Introducing the Witcher
Page 69
‘But it has to be true,’ the attractive elf in the ermine toque suddenly said in a melodious voice. ‘Such a beautiful ballad of love could not but be true.’
‘It could not!’ Baron Vilibert’s daughters supported the elf and, as if on command, wiped their eyes on their scarves. ‘Not by any measure!’
‘Honourable wizard !’ Vera Loewenhaupt turned to Radcliffe. ‘Were they in love or not? Surely you know what truly happened to them, Yennefer and the witcher. Disclose the secret!’
‘If the song says they were in love,’ replied the wizard, ‘then that’s what happened, and their love will endure down the ages. Such is the power of poetry.’
‘It is said,’ interrupted Baron Vilibert all of a sudden, ‘that Yennefer of Vengerberg was killed on Sodden Hill. Several enchantresses were killed there—’
‘That’s not true,’ said Donimir of Troy. ‘Her name is not on the monument. I am from those parts and have often climbed Sodden Hill and read the names engraved on the monument. Three enchantresses died there: Triss Merigold, Lytta Neyd, known as Coral . . . hmm . . . and the name of the third has slipped my mind . . .’

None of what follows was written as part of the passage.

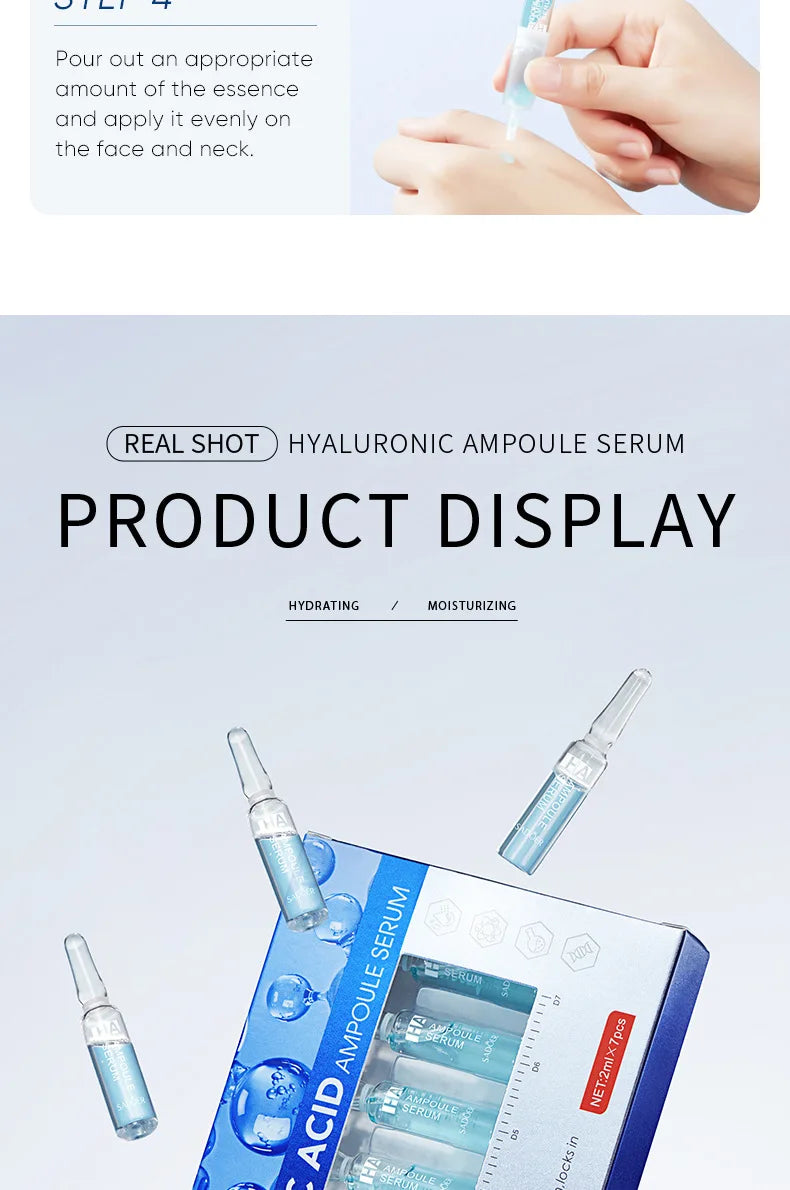 7er Hyaluronsäure Essence Set - Anti-Falten Serum mit Niacinamide & Oligopeptiden | Intensiv Feuchtigkeits-Ampoule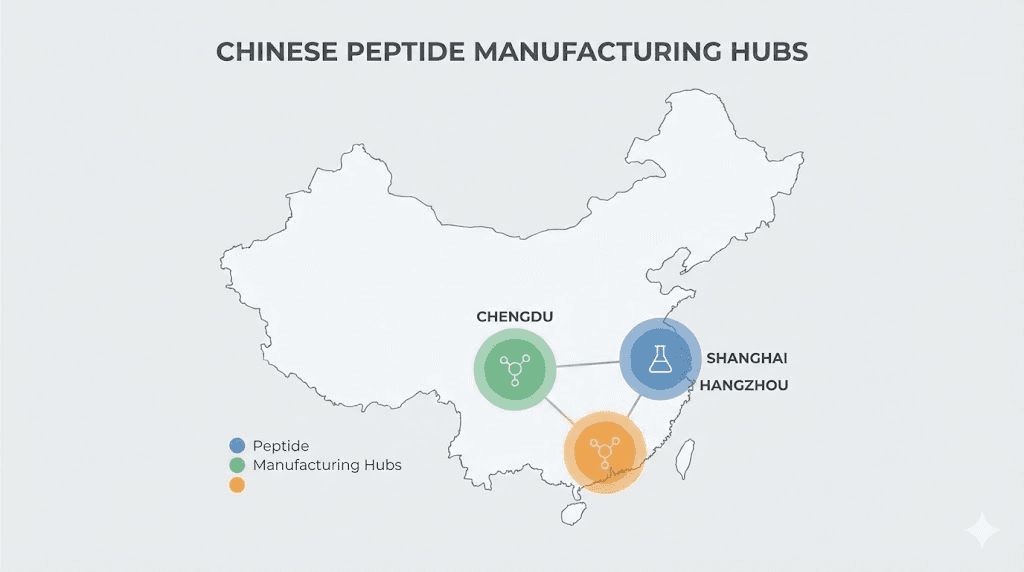 Map of major Chinese peptide manufacturing cities for bulk retatrutide sourcing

The knight glanced at Wizard Radcliffe, who smiled wordlessly.
‘And this witcher,’ Sheldon Skaggs suddenly called out, ‘this Geralt who loved Yennefer, has also bitten the dust, apparently. I heard he was killed somewhere in Transriver. He slew and slew monsters until he met his match. That’s how it goes: he who fights with the sword dies by the sword. Everyone comes across someone who will better them eventually, and is made to taste cold hard iron.’
‘I don’t believe it.’ The slender warrior contorted her pale lips, spat vehemently on the ground and crossed her chainmail-clad arms with a crunch. ‘I don’t believe there is anyone to best Geralt of Rivia. I have seen this witcher handle a sword. His speed is simply inhuman—’
‘Well said,’ threw in Wizard Radcliffe. ‘Inhuman. Witchers are mutated, so their reactions—’
‘I don’t understand you, magician.’ The warrior twisted her lips even more nastily. ‘Your words are too learned. I know one thing: no swordsman I have ever seen can match Geralt of Rivia, the White Wolf. And so I will not accept that he was defeated in battle as the dwarf claims.’
‘Every swordsman’s an arse when the enemy’s not sparse,’ remarked Sheldon Skaggs sententiously. ‘As the elves say.’
‘Elves,’ stated a tall, fair-haired representative of the Elder Race coldly, from his place beside the elf with the beautiful toque, ‘are not in the habit of using such vulgar language.’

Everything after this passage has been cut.